Your Koch snowflake example is a good one. What does the snowflake consist of? In the first iteration (order == 0), it starts out as a simple line. This is the base case.

________

Now, for the next level of recursion (order == 1), that base case is split into four sub-lines that form an inverted V. To achieve this V, you need to build four lines at the appropriate angles to each other (for which you need the t.left(60) and similar commands).

Each of these lines is (regarded by itself) an instance of the base case, again. It's just three times smaller. That's what you see in koch(order-1, size/3).

   /\
__/  \__

Now imagine the next level of recursion - each line is again split up into four sublines. The pattern continues...

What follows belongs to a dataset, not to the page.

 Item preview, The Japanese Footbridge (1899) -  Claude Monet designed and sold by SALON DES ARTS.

score 2 · Answer 3 · answered Jul 19 '13 at 11:54

For koch(1, 100) it will look like this:

koch(1, 100)
->
    koch(0, 33)
      order == 1, so stop recursing down this branch
    <-
    t goes left
    koch(0, 33)
      order == 1, so stop recursing down this branch
    <-
    t goes right
    koch(0, 33)
      order == 1, so stop recursing down this branch
    <-
    t goes left
    koch(0, 33)
      order == 1, so stop recursing down this branch
    <-
<-
done

For koch(2, 100) the first call to koch will then expand out to the above,

koch(2, 100)
->
    koch(1, 100)
    ->
        koch(0, 33)
          order == 1, so stop recursing down this branch
        <-
        t goes left
        ...
    ...
    t goes left
    ...

Try to trace it out on paper as has been suggested. You will end up with a tree like structure.

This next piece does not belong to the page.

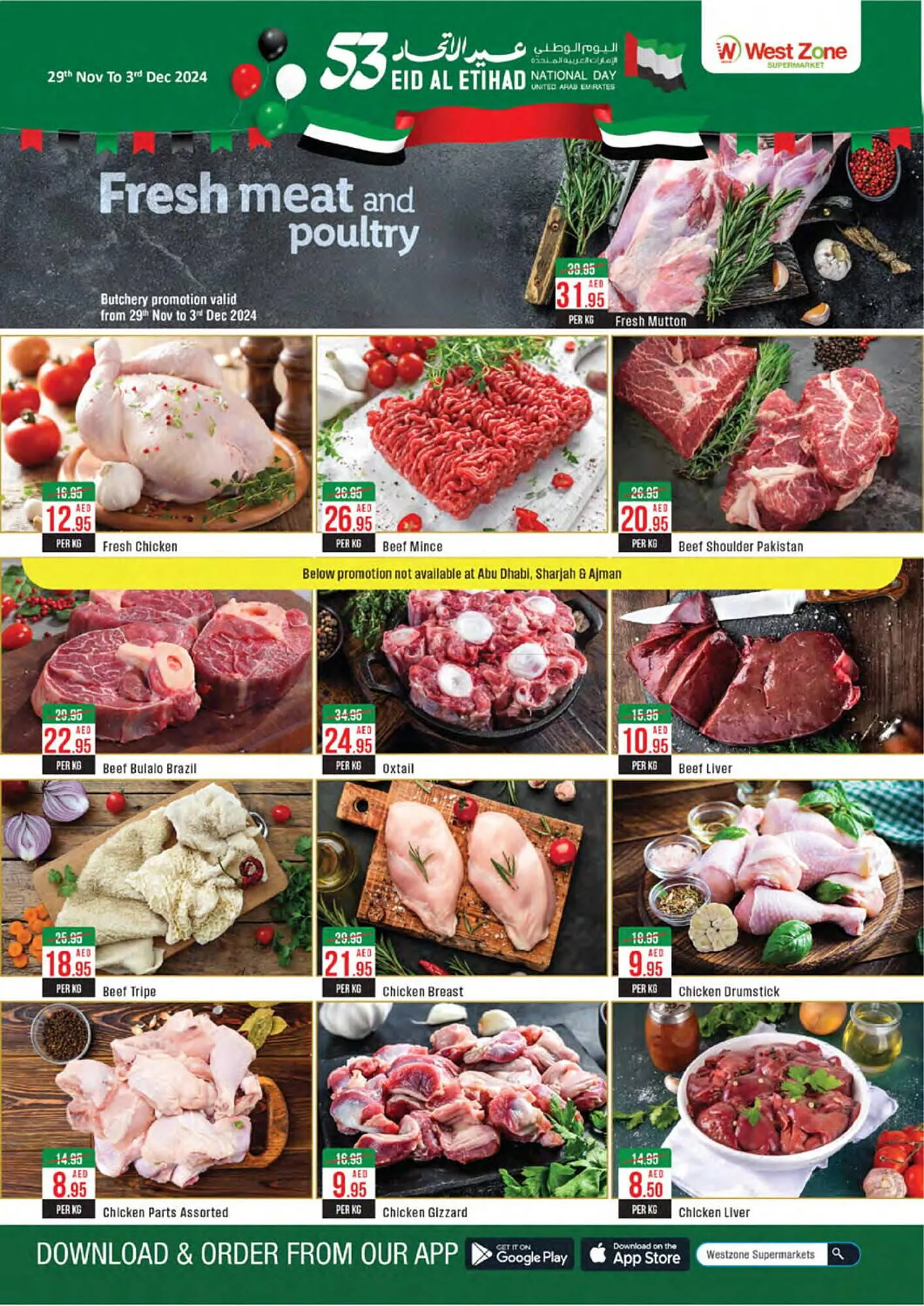 West Zone Supermarket catalogue from 29 November to 8 December 2024 - Offers page 30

score 1 · Answer 4 · edited Jul 19 '13 at 13:21

Try, something along the lines of:

def koch(order, size):
    print 'koch(', order, size, ')'
    if order == 0:
            t.forward(size)
            print 'Got to the bottom of it'
    else:
            koch(order-1, size/3)
            t.left(60)
            koch(order-1, size/3)
            t.right(120)
            koch(order-1, size/3)
            t.left(60)
            koch(order-1, size/3)

koch(1, 10)

And you should see how each call calls koch until it finally gets to the bottom of the chain.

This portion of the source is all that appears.